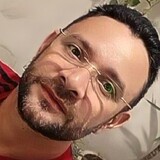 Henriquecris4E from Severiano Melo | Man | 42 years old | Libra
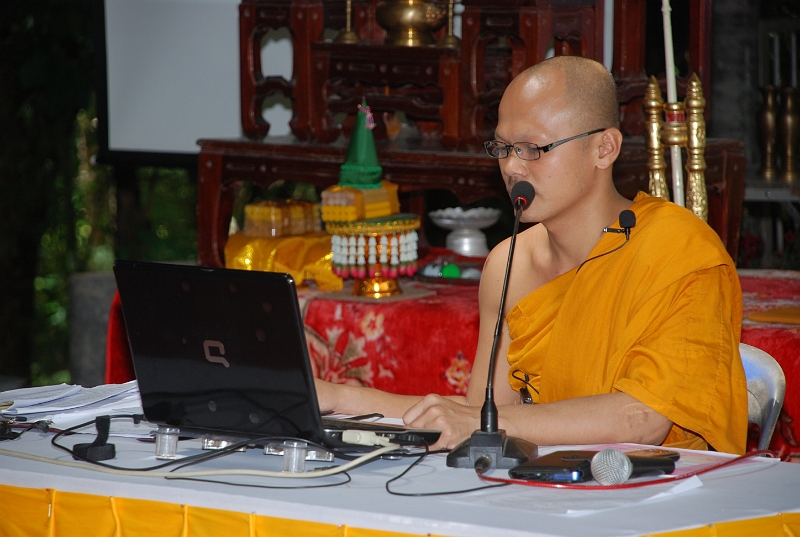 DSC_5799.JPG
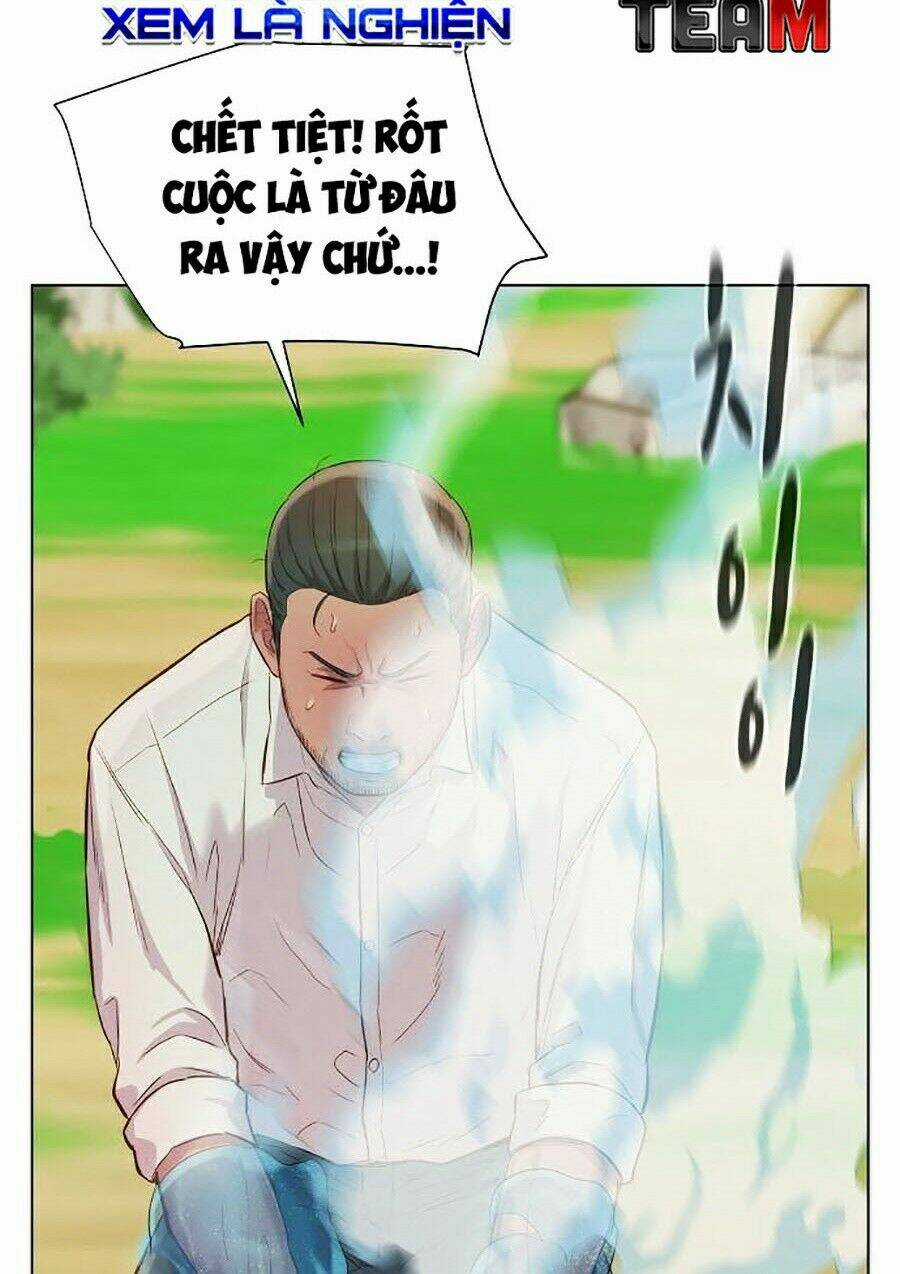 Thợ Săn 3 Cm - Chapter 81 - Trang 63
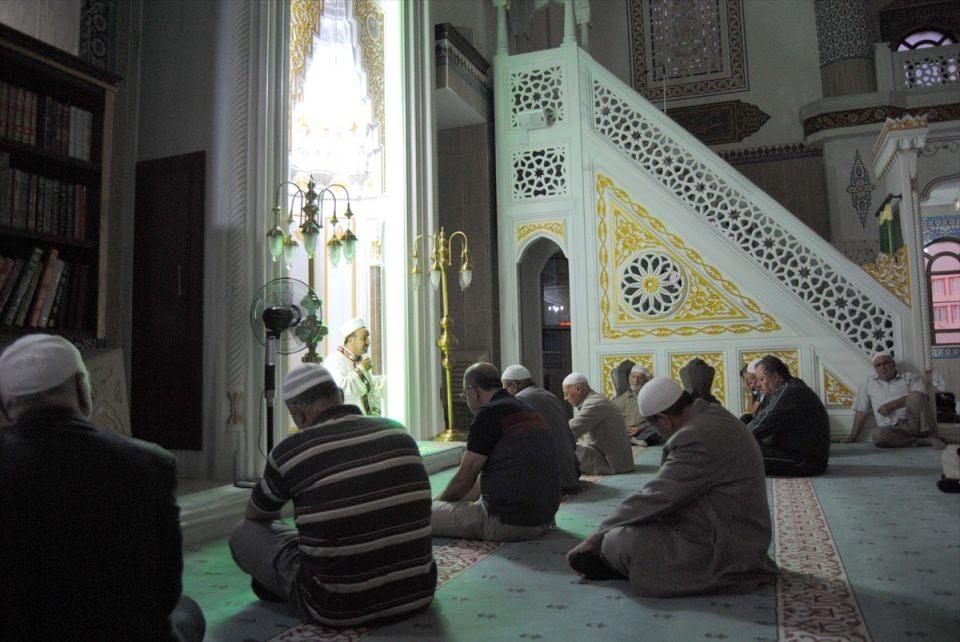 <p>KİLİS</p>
+===+
**What the task asks:**
Return the complete data unchanged and include none of the pictures.

**Exercise result:**
 Henriquecris4E from Severiano Melo | Man | 42 years old | Libra
 DSC_5799.JPG
 Thợ Săn 3 Cm - Chapter 81 - Trang 63
 <p>KİLİS</p>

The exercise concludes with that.